* _WHAT TO WORK ON_:
Every line in the data below from the one containing "124 Orchid St, Tavernier, FL 33070 - Photo 9" down to the one containing "Chaussures brodées style", both included, must be retyped exactly; no other line is to appear.

* _PROVIDED INFORMATION_:
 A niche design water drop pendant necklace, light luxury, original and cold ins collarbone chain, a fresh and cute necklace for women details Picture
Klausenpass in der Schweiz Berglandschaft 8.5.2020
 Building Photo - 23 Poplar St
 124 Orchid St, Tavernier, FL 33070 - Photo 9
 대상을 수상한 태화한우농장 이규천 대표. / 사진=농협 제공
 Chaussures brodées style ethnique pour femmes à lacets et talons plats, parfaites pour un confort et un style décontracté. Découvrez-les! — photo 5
--
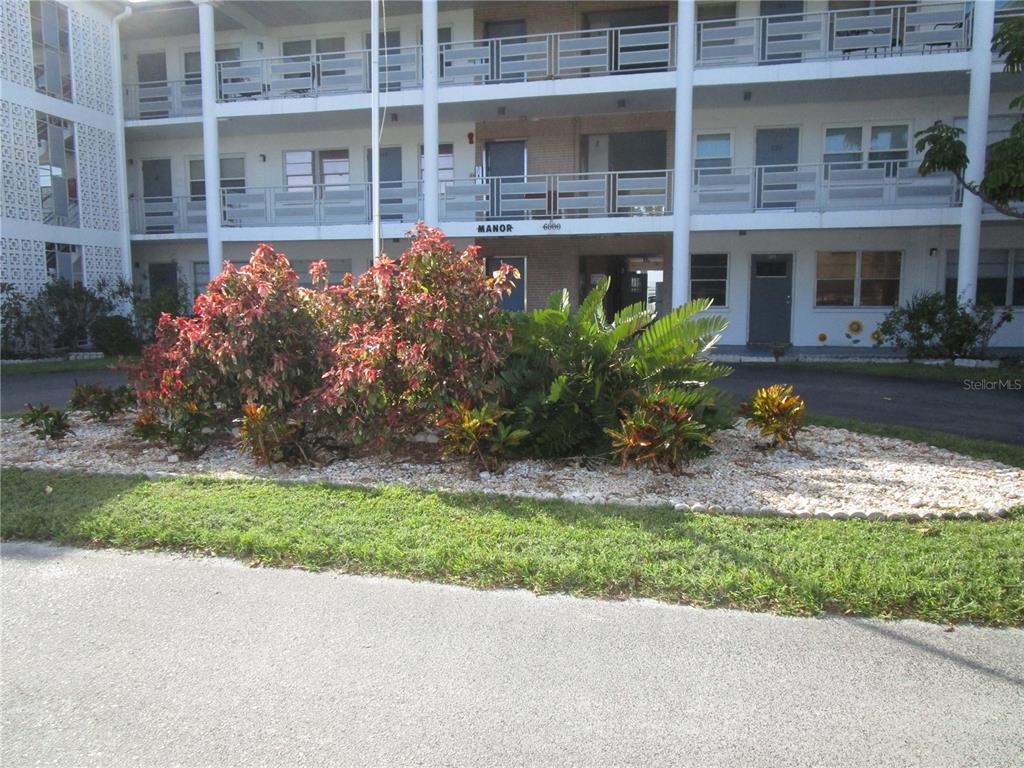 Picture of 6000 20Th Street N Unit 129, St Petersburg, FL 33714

* _SOLUTION TO THIS EXERCISE_:
 124 Orchid St, Tavernier, FL 33070 - Photo 9
 대상을 수상한 태화한우농장 이규천 대표. / 사진=농협 제공
 Chaussures brodées style ethnique pour femmes à lacets et talons plats, parfaites pour un confort et un style décontracté. Découvrez-les! — photo 5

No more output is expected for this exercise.